リディアは自身の霊能力を生かし、テレビ番組の司会者として活躍している。一人娘のアストリッドがいるものの、親子関係がうまくいかずに悩んでいる。アストリッドは幽霊の存在を信じておらず、母の霊能力もインチキだと思っているのである。そんな中、リディアは父が事故で亡くなったことを母デリアから聞かされる。葬儀のために彼女は恋人のローリーとアストリッドと共に、実家に戻る。ローリーから結婚を強引に迫られたリディアは、断り切れずに承諾してしまう。
その頃、数世紀前から死後の世界の倉庫に封じられていたビートルジュースの元妻ドロレスが復活する。死後の世界にやってきた若者の道案内をしていた用務員が、倉庫の掃除をしている時、誤って掃除機が漏電してしまう。その電流によって、棚にあった箱が落ちてしまうが、なんとそこからバラバラのまま眠っていたビートルジュースの元妻ドロレスが復活を遂げてしまう。バラバラだった体を自らつなぎ合わせるという不気味さ。そして、ビートルジュースに対して復讐を企てる。
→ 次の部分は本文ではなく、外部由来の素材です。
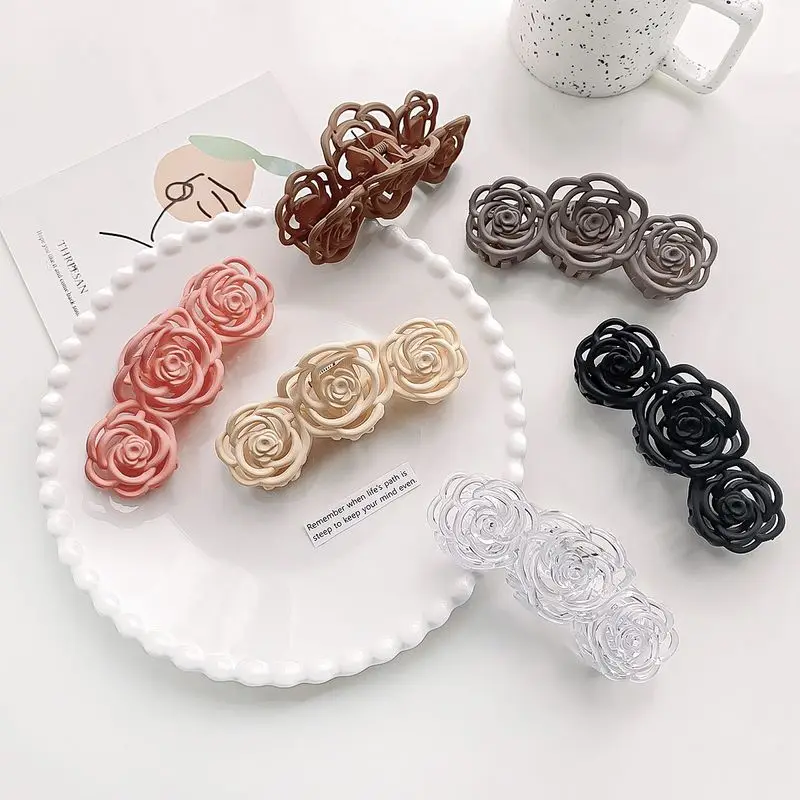 

1pcKorean frosted hollowed out camellia flower clip, flower hair clip, shark clip, back of the head, hair clip, hairpin, hairpin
一方、アストリッドは母親が有名な霊能力者であることをからかわれており、孤独なスクールライフを送っている。自分よりも幽霊に向き合う母に対して苛立ちを募らせており、それが理由で母娘関係はギクシャクしている。そんなアストリッドは、苛立ちから外へ飛び出すが、道から転げ落ちてしまう。そこへ偶然やってきたジェレミーという青年と出会う。イケメンでもあり、2人はすぐに意気投合し、ハロウィーンに会う約束をする・・・
主役は映画のタイトルにもなっているゆえにビートルジュースなのだろう。 ビートルジュースはその名を三度呼ぶと現れることになっている。ここでもその名を三度呼ばれて再びリディアの前に姿を現す。ビートルジュースは前作よりリディアへの思いを募らせており、再会を喜ぶ。なぜか顔が小さく体のデカい幽霊「ボブ」らと共に霊界コールセンターを設立し、部下らをシャカリキに働かせている。ボブらは誰も彼も同じように見えてこれもまた不気味である。この映画は全般的にコメディタッチで展開される。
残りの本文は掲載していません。